Fujitsu Looks to Accelerate Deep Learning Workloads

The company has developed software that will speed up machine learning tasks that are spread out over multiple GPU-powered systems.


Engineers at Fujitsu Laboratories have developed new software that can speed up deep learning projects run over multiple GPUs.

According to Fujitsu Labs officials, tests have found that the software used with 16 and 64 GPUs are 14.7 to 27 times faster than using a single GPU to run deep learning workloads, with increases in learning speeds 46 percent (on 16 GPUs) to 71 percent (on 64 GPUs). This is important given the increasing popularity of deep learning, a subset of machine learning, which is foundational to the development of artificial intelligence (AI).

Machine learning essentially comprises two parts, training (where neural networks are taught object identification and other tasks) and inference (where they use this training to recognize and process unknown inputs). The use of deep learning techniques to train neural networks has grown over the past several years, helping to drive significant advances in such work as image and speech recognition and increasing the accuracy over other technologies, according to Fujitsu Labs officials. In addition, deep learning requires massive amounts of data for machine training, and GPUs—with their ability to process huge amounts of data in parallel—are better suited than CPUs.

A challenge has been finding efficient ways to run deep learning workloads across multiple GPUs in parallel, the officials said. Right now, the primary way it's done is to use multiple computers that are powered by GPUs, networked together and running in parallel. However, such arrangements are difficult to scale—the benefits of parallelization becomes increasingly more difficult to reach when the time it takes to share data between the computers grows, particularly when more than 10 systems are used in the network at the same time.

The software developed by Fujitsu is designed to overcome those limitations, the researchers said. They took the new parallelization technologies and applied them to the open-source Caffe framework for deep learning. The software enables users to reduce the time needed for R&D, which in turn will lead to improved learning models, they said.

Fujitsu Labs tested the software on the AlexNet neural network for image recognition, which produced the results that showed the improved learning speeds. Machine learning jobs that would take about a month on a single GPU-powered computer can now be processed in about a day by running it on 64 GPUs in parallel.

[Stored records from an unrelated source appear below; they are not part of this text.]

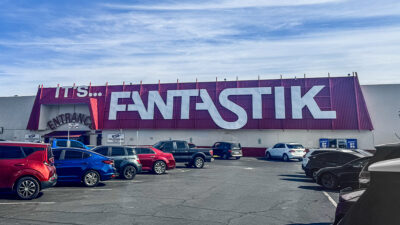 Fantastik Indoor Swap Meet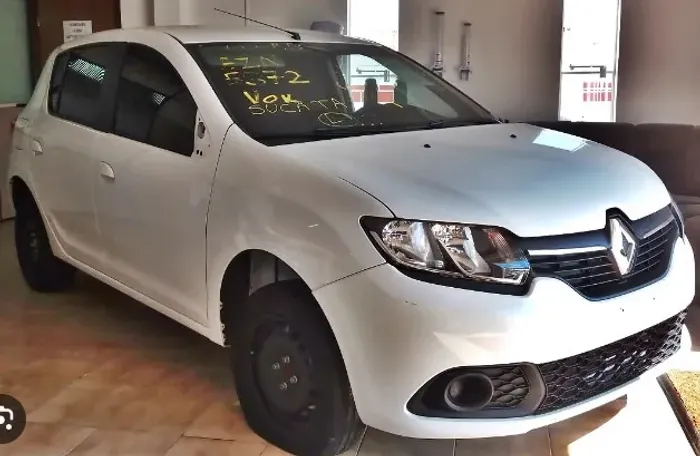 sucata sandero, para retirada de peças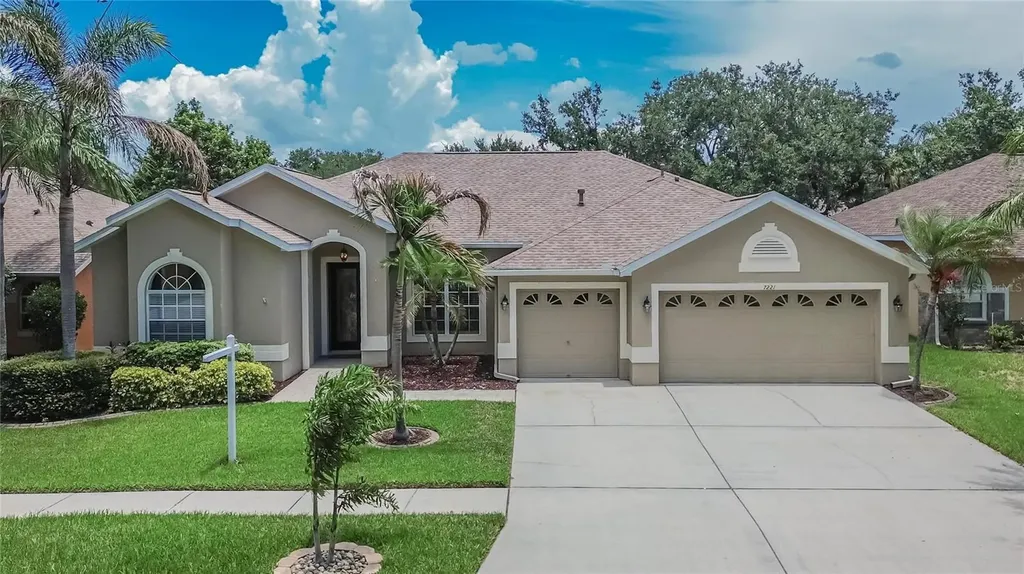 7221 Bucks Ford Drive Riverview FL 33578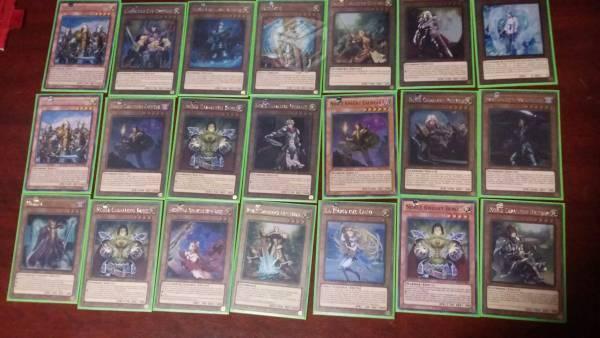 Deck Yu-Gi-Oh Noble Knight, con tapete
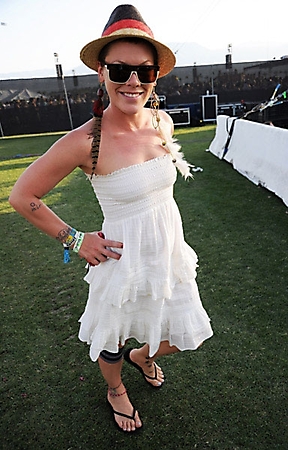 pink-coachella-2010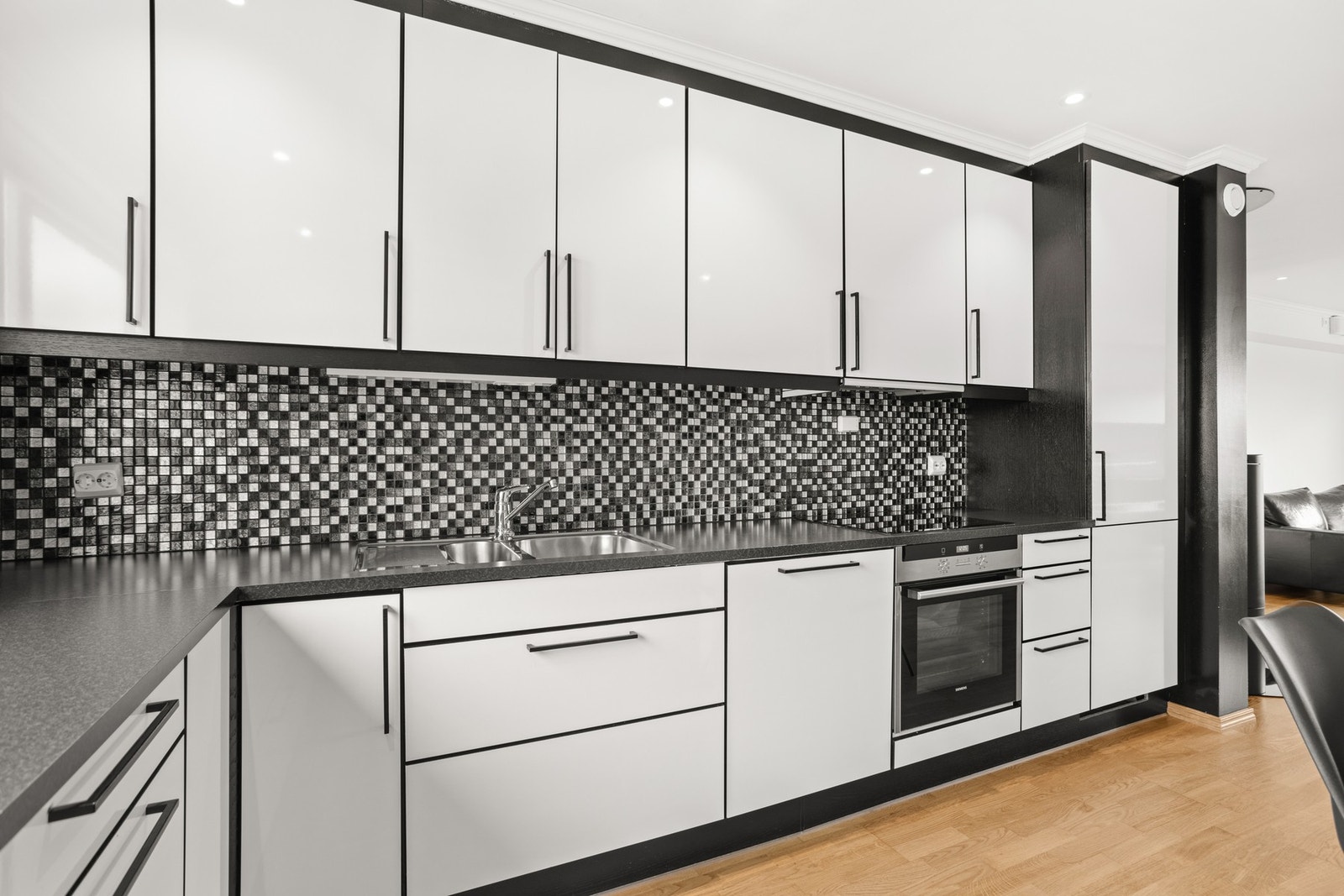 Det er godt med benk- og oppbevaringsplass! Galleribilde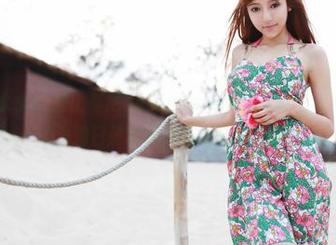 美媛馆 – 水水er的比基尼assignment：写真里有不怎么运动的海滩日子和些许不成熟的自嘲。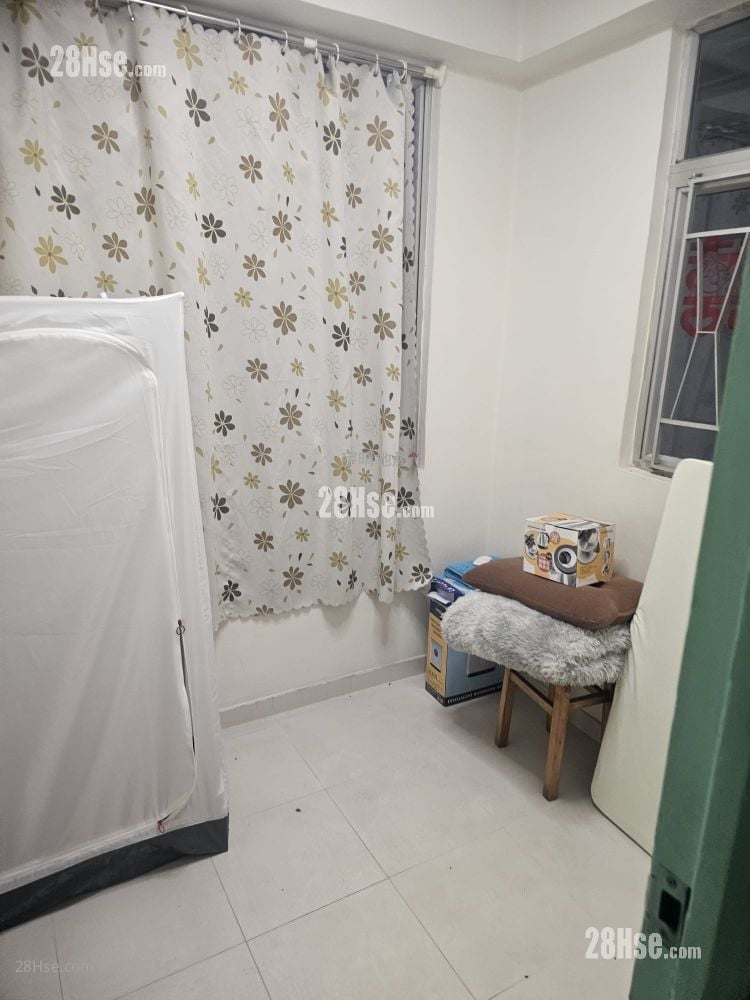Chi On Court Rental 2 Bedrooms , 2 Bathrooms 688 ft²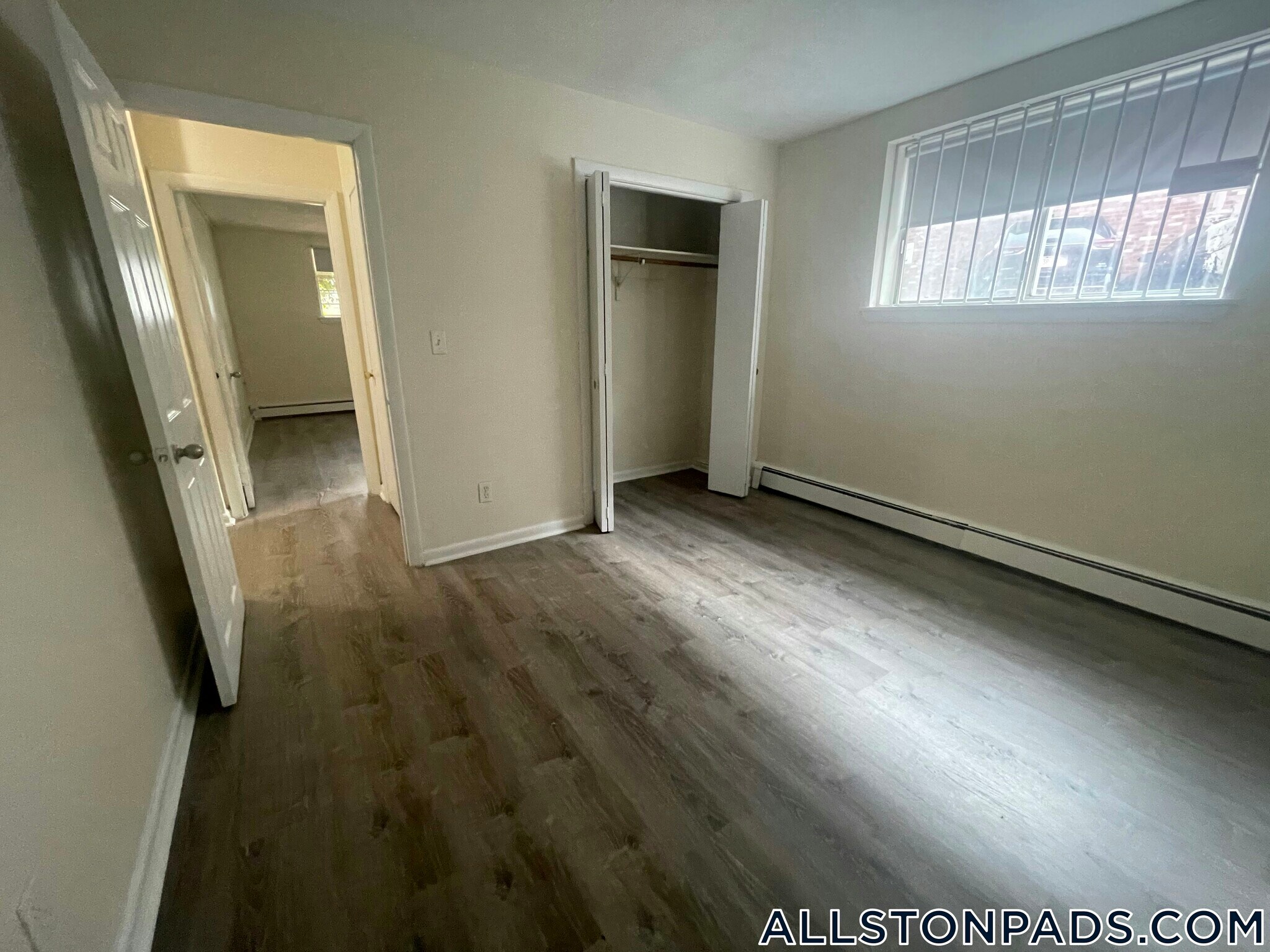 Building Photo - 88 Gardner St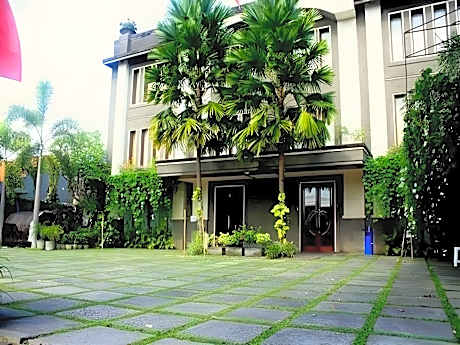 Nirwana Suites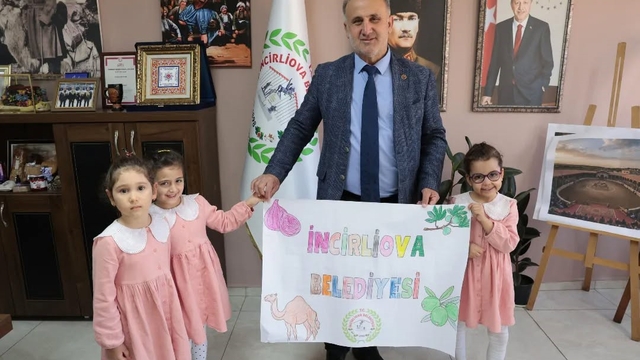 Minik öğrencilerden Başkan Kaya'ya hediye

Fujitsu Labs has developed two new technologies, one software for supercomputers that executes communications and operations at the same time and in parallel, while the other optimizes the processing methods based on the size of the shared data and the sequence of the deep learning processing. Combined, the software reduces the waiting time between processing batches, the researchers said.

Fujitsu officials plan to commercialize the new technologies as part of the company's Human Centric AI Zinrai portfolio sometime during the current fiscal year. Researchers expect to improve the software in hopes of further increasing the speed of training workloads.

Machine learning and AI are key technologies in the increasingly digitized and automated way of life that comes with such emerging trends as the internet of things (IoT), cloud computing, data analytics and mobility. It's already being using in such capabilities as photo tagging and fraud detection and will play a central role in such areas as autonomous cars and robotics.

The goal is to create machines that can learn and base their actions on their experiences, similar to humans. Established tech vendors and a growing array of startups are creating products and technologies that will help drive the development of AI. Patrick Moorhead, principal analyst with Moor Insights and Strategy, has called AI an inflection point in the industry that companies need to grab on to or risk getting left at a disadvantage against competitors.

Hyperscale players like Google and Facebook are making significant strides in the creation of such products, while system and component makers are building out their capabilities in the field. GPU maker Nvidia has made machine learning and AI key parts of its strategy for the future. Intel this week announced its intention to buy AI startup Nervana Systems to grow its capabilities in the space.